* _Material provided_:
..........

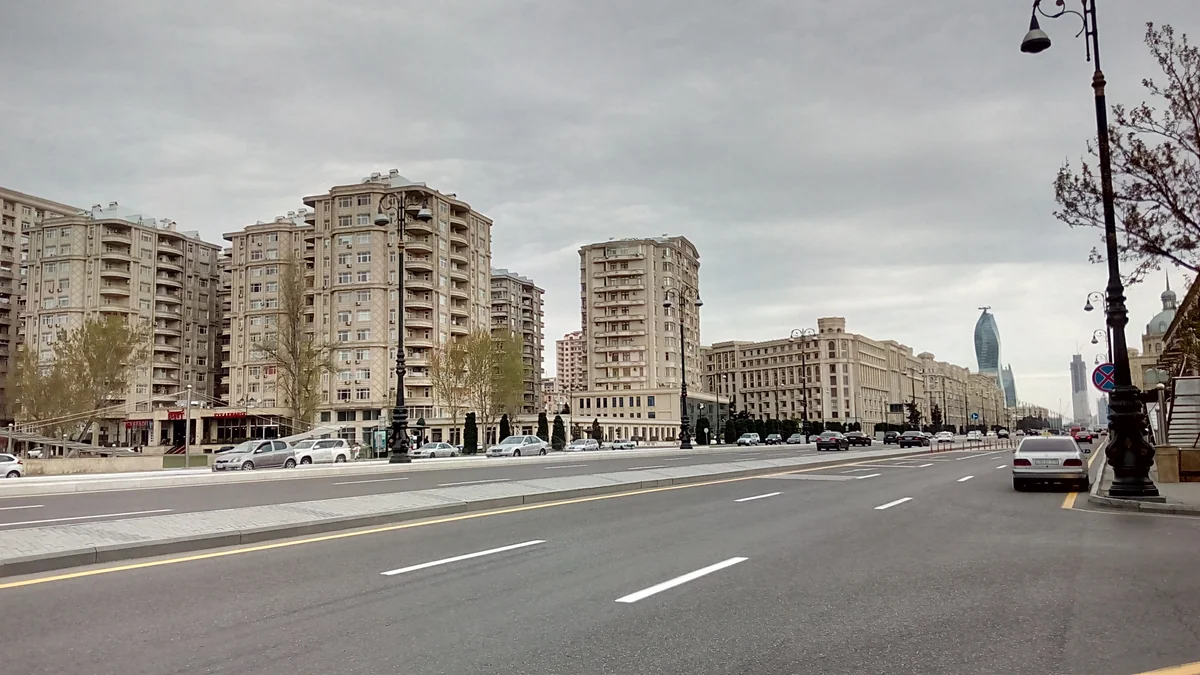 Heydər Əliyev prospektində avtomobil qəzası baş verib, tıxac yaranıb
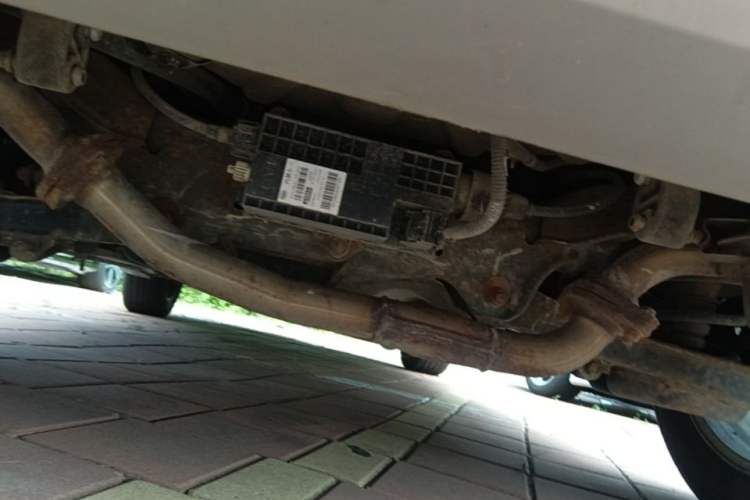 Used Bestune X80 2015 2.0L automatic comfort version Chassis Rear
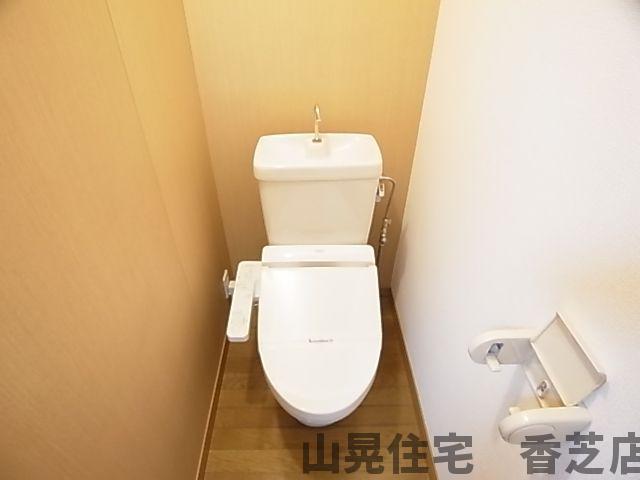 【香芝市上中のマンションのトイレ】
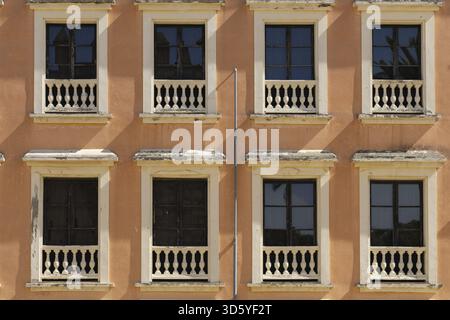 Historische maurische Festung mit dem roten Palast Palacio de Villavicencio, Alcazar de Jerez de la Frontera, Cadiz, Andalusien, Spanien Stockfoto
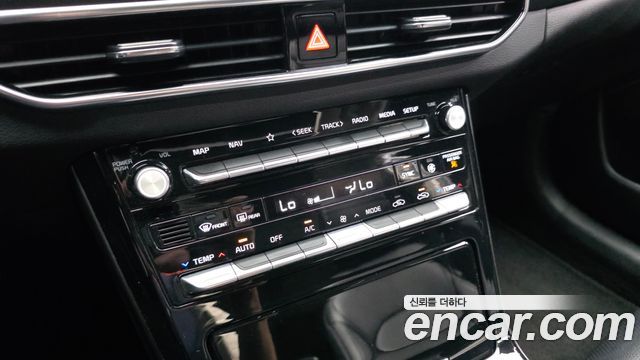 Kia K7 2020 — photo 29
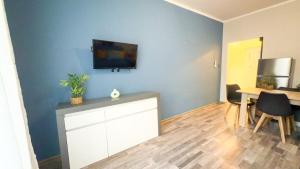 Residenza Santa Anastasia At Piazza Erbe Blu Charme with lift and AC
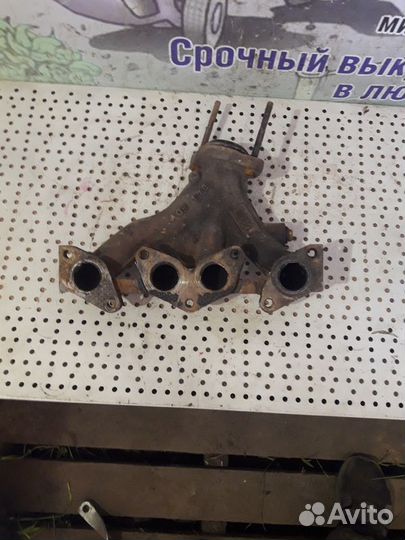 Коллектор выпускной Renault Megane Scenik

..........

* _Directions for this task_: Only the lines from the line containing "Kia K7 2020 — photo 29" through the last line of the entries above should be reproduced, word for word and without pictures.

* _Task solution_:
 Kia K7 2020 — photo 29
 Residenza Santa Anastasia At Piazza Erbe Blu Charme with lift and AC
 Коллектор выпускной Renault Megane Scenik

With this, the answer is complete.